Equivalent Conditions for Local Compactness of Hausdorff Spaces
# Statement
Let $X$ be a Hausdorff Topological Space. Then The following are Equivalent:
- $X$ is Locally Compact.
- Each $p \in X$ has a Precompact neighborhood.

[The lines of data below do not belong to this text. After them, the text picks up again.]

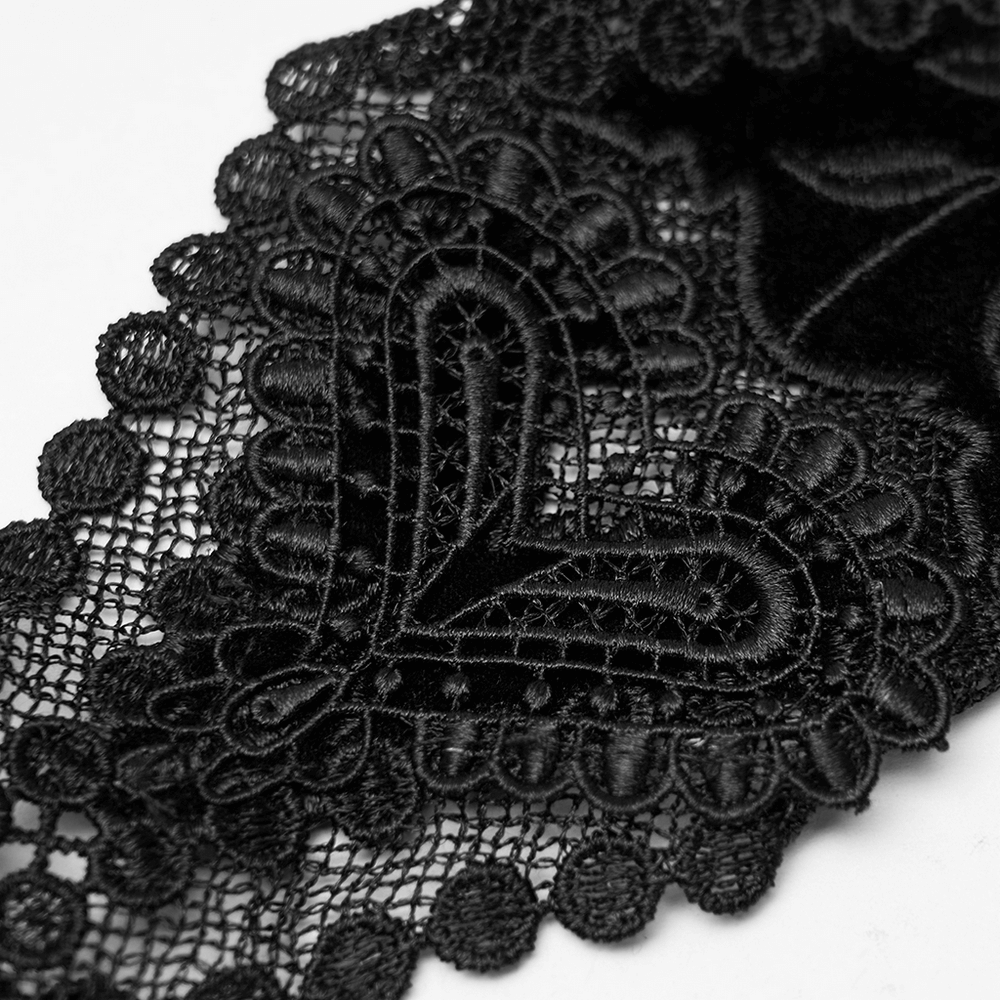 Close-up of elegant black lace featuring a heart decal, showcasing intricate gothic floral design.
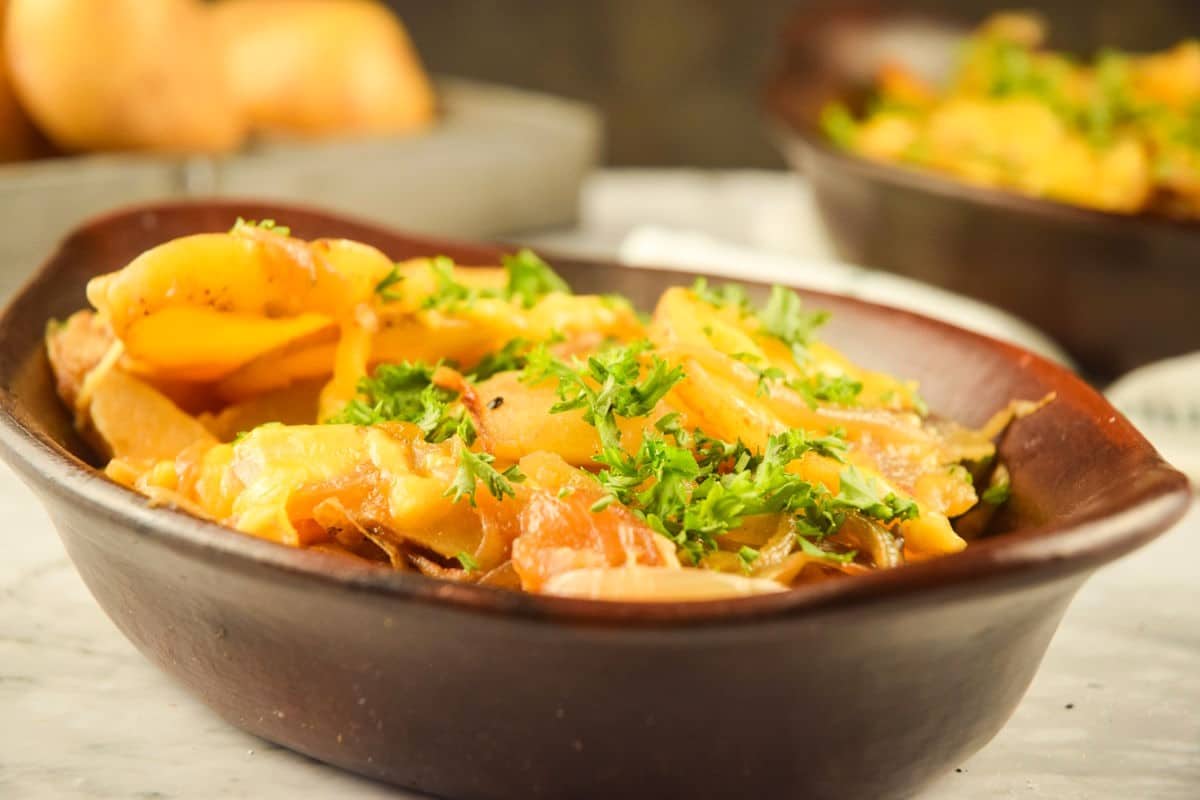 Cheesy scalloped potatoes in brown bowl topped with parsley.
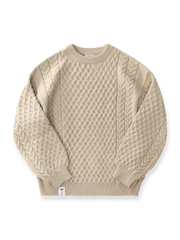 バルーンスリーブとチェック柄ツイスト編みが特徴の厚手ニットセーター。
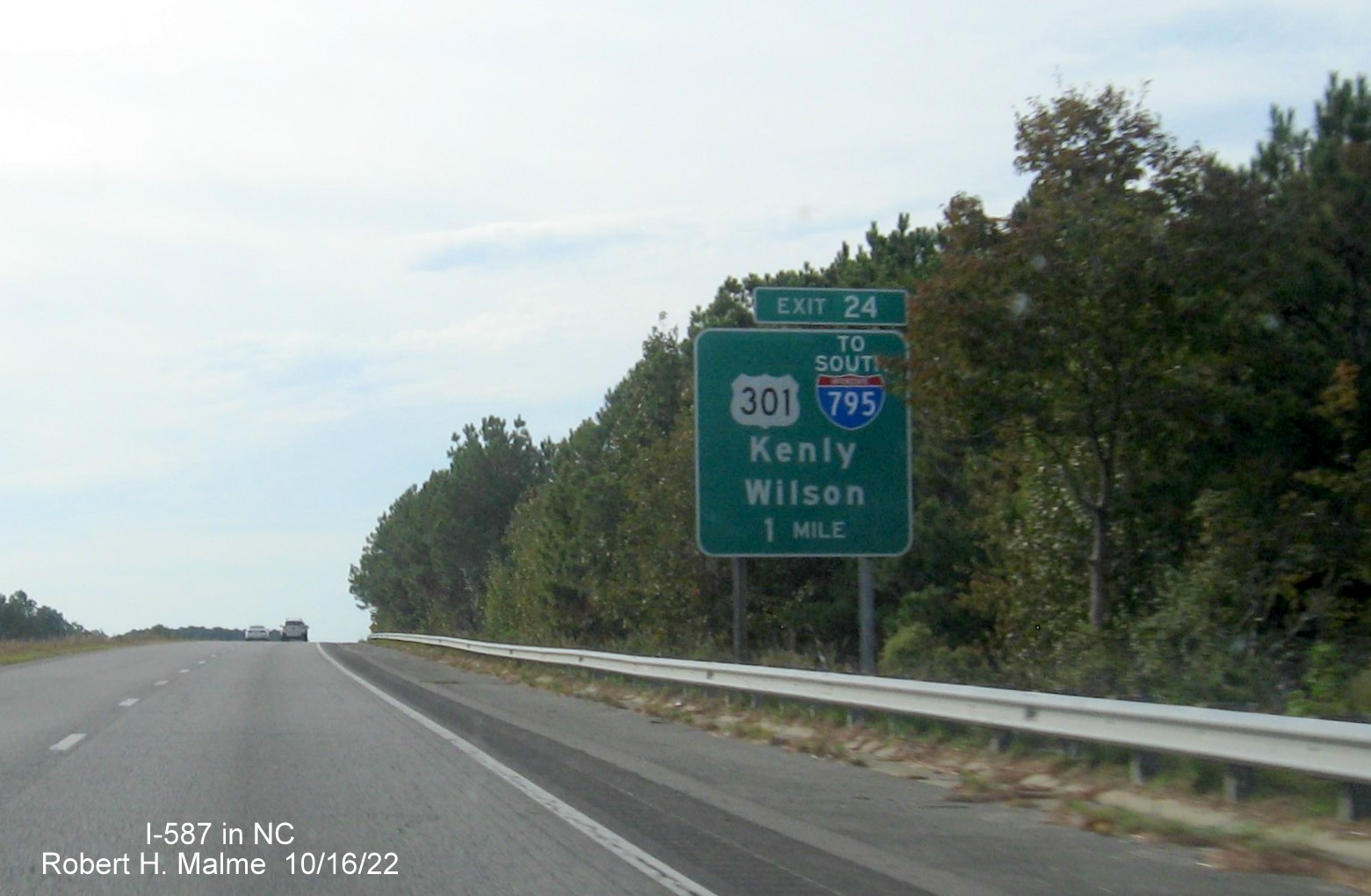 Image of 1 mile advance sign for US 301 to I-795 South exit with new I-587 milepost exit number on I-587/US 264 West in Wilson, October 2022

- $X$ has a Topological Basis of Precompact Sets.
# Proof
$(1 \Rightarrow 2)$: Let $p \in X$. Since $X$ is Locally Compact, there exists Open $U \subset X$ so that $p \in U$ and $U \subset K$ for some Compact $K \subset X$. Since $X$ is Hausdorff, we know $K$ is Closed because Compact Sets in Hausdorff Spaces are Closed. Then, by definition of Closure, $\text{cl}U \subset K$. Recall, Closed Subset of a Compact Set is Compact, so $U$ is Precompact. $\checkmark$
$(2 \Rightarrow 3)$: For each $p \in X$, let $U_{p} \subset X$ be a Precompact neighborhood of $p \in X$. Consider the collection: $$\mathcal{B} := {U_{p} \cap V : p \in X, V \subset X\text{ open}}.$$ $\mathcal{B}$ is a collection of Open Sets, because finite Set Intersection of Open sets is Open. $\mathcal{B}$ is also a collection of Precompact sets because for each $B \in \mathcal{B}$, there exists $p \in X$ so that $B \subset U_{p}$. Since $U_{p}$ is Precompact, we see $B$ is Precompact as well because Subset of a Precompact Set is Precompact. Finally, we show $\mathcal{B}$ is a Topological Basis for $X$. Suppose $V \subset X$ is Open. Then for each $p \in V$, $U_{p} \cap V \in \mathcal{B}$. Then we have $$\bigcup\limits_{p \in V} U_{p} \cap V = (\bigcup\limits_{p \in V}U_{p}) \cap V = V.$$ Therefore, $\mathcal{B}$ is a Topological Basis for $X$. $\checkmark$
$(3 \Rightarrow 1)$: Let $p \in X$ and let $\mathcal{B}$ be a Topological Basis of Precompact sets. Since $p \in X$ and $X$ is Open, there must be some $B \in \mathcal{B}$ such that $p \in B$. Because $B$ is Precompact, $B \subset \text{cl}B$, which is Compact. By definition of Topological Basis, $B$ is Open. Thus $X$ is Locally Compact. $\checkmark$ $\blacksquare$
# Encounters
- Lee - Introduction to Smooth Manifolds - Exercise A.55